Spokesman Brian Niceswanger -- no, really, that's his name -- tried to explain why the paper is unworthy of inmates' time: "Well, we have denied other news organizations that we feel are sensational. Like, Hard Copy wanted to come in and do a story, and we said no." Ouch.

Serving the Serbs
When Plain Dealer Publisher Alex Machaskee overruled the paper's editorial board and ordered his minions to endorse George Bush, said minions rebelled by ratting him out to media across the land. The ensuing embarrassment forced the paper to backpedal by endorsing no one.

Early logic said Machaskee was merely playing water boy for the executive crowd, since he pulled the same stunt when the paper endorsed Governor Bob Taft. But another theory suggests that Machaskee, who's big in Cleveland's Serbian community, was also carrying the torch for the motherland.

Apparently, the Kerry campaign made the mistake of sending Richard Holbrooke as its emissary to the editorial board, though many Serbs hold Holbrooke responsible for bombing Belgrade during the Kosovo war.
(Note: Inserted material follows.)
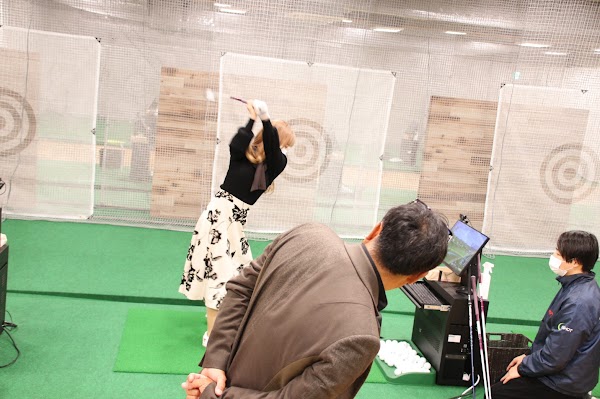 サンクチュアリ アトレ川越店 2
Then, last week, The PD ran a column headlined "Serbs were solid backers of Bush." Penned by a Washington lawyer, the piece asserted that evangelicals took a back seat in their support for Bush; Serbs were actually the President's most faithful admirers. They feared mad bombers from the Clinton administration would get new jobs with Kerry. Bush, by contrast, prefers to blow up Muslims.

Machaskee denies that the Kosovo war had any sway on The PD's endorsement. "Our editorial speaks for itself . . ." he says by e-mail. "My ethnicity has nothing to do with our endorsements."

Still, if the Democrats hope to win Ohio in 2008, they may want to court a small but powerful special-interest group: Serbian newspaper publishers.

Speaking of confusion . . .
If The PD struggled to save face with its presidential endorsement, it's having a tougher time covering young voters. It can't decide whether to applaud or denigrate them.

On the Sunday after the election, Diane Solov wrote in a front-page report that "it's clear that young voters stormed the polls Tuesday." On the same day, however, the paper's PDQ complained, "What the heck is it going to take to get young Americans interested in voting?"

For those of you who've missed it, PDQ is the paper's attempt to boost its youthful readership, which is now composed of six people, all from a nice Mormon family in Streetsboro. Papers nationwide are doing the same thing, but like PDQ, they tend to be a print equivalent of a 50-year-old divorcée trying to fit into her teenage daughter's clothes.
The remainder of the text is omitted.